I’m trying to run the Couette flow example using the CUDA backend via the following command:
$ pyfr run -b cuda -p couette_flow_2d.pyfrm couette_flow_2d.ini
But I get the following error:
File “/home/cades/miniconda3/lib/python3.8/site-packages/pyfr/backends/cuda/cublas.py”, line 78, in _errcheck
raise self._statuses[status]
pyfr.backends.cuda.cublas.CUBLASNotInitialized
Any suggestions on how to fix this?
I ran some of the PyCuda examples at https://github.com/inducer/pycuda/tree/master/examples without any problems.
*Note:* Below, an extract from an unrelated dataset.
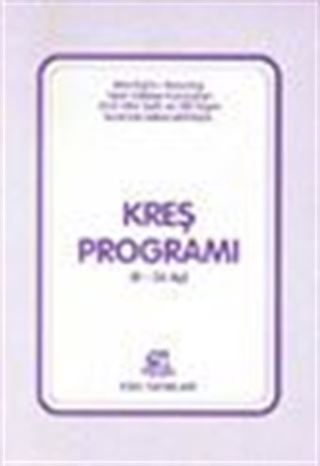 Kreş Programı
I used Numba to get some system info (see below). Looks like the cublas library is working fine.
System info:
fdw
26 September 2020 12:16
5
Hi Gavin,
Looking at the output below it appears as if Numba is opening up and loading the CUBLAS shared library, although it does not state if it is actually calling any of the methods. Would you be able to run a test case in Numba which calls down to CUBLAS?
Regards, Freddie.
I have never used Numba (other than the above) so I don’t have a readily available example to use.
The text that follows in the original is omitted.